Michael Z. answered • 10/31/19
Mathematics Tutor
Note: I slightly changed the wording of this problem as it appears the original was a multiple choice answer.
A theater charges $5 for student tickets and $7 for adult tickets. They sold 75 tickets for a total of $425. Determine the number of student tickets and the number of adult tickets sold?
Step 1: Read the problem.
Do nothing else. We only want to get a general idea of the situation and what we are being asked to find.
Step 2: Define your variable(s)
The question at the end of the problem will help define our variables. I like to use variables that closely matches what we are trying to find. In this case, we need to find the number of student and adult tickets sold. So, let s=the number of student tickets sold and a=the number of adult tickets sold
Step 3: Set up your equation(s)
The number of equations you need to set up is the same as the number of variables you have. Since we have two variables, s and a, we will need two equations. Re-read the problem and use the information to create our equations.

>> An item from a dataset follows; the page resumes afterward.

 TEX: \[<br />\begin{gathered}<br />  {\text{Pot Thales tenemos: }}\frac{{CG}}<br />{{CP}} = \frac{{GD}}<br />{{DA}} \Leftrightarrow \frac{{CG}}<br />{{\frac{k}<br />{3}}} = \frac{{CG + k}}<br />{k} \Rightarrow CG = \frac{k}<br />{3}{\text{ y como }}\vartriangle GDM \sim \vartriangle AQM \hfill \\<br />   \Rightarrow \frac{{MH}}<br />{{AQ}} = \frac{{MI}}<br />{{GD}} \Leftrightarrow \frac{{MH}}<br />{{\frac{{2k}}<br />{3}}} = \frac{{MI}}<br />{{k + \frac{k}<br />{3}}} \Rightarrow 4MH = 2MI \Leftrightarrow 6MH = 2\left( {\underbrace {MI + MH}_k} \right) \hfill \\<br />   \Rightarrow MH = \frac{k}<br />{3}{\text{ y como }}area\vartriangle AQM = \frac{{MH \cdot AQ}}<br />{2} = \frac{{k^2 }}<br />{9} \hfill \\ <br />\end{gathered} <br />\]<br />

The first thing we read is "A theater charges $5 for student tickets and $7 for adult tickets" Convert this into an algebraic expression representing the total amount a theater received from student and adult ticket sales. We get 5s (for $5 per student ticket sale) and 7a (for $7 per adult ticket sale. Add them together and we get the total amount the theater received from ticket sales
5s + 7a
The next line tells us we sold 75 tickets for a total of $425. Since our above expression deals with money, we will ignore the sold 75 tickets (for now) and complete our equation with a total of $425. So now we have our first equation:
5s + 7a = 425
We will create our second equation in the same fashion. We now come back to the "sold 75 tickets" that we previously ignored. Now we are talking about the number of tickets sold. By definition, our variables are the number of student and adult tickets sold. Add those two variables together and they equal 75. Our second equation is:
s + a = 75
We now have our two equations that form a system of equations.
5s + 7a = 425
s + a = 75
There are several ways we can use to solve this system of equations. They are graphically, substitution, and elimination. Given that at least one variable doesn't have a number in front of it, substitution would be the easiest method to use. The goal now is to solve one of the equations for one variable. Both variables of the second equation are by themselves, so pick one variable to solve. I choose to solve for s by subtracting a from both sides of the second equation. I now have:
s = 75 - a
Substitute our new value of s into the first equation.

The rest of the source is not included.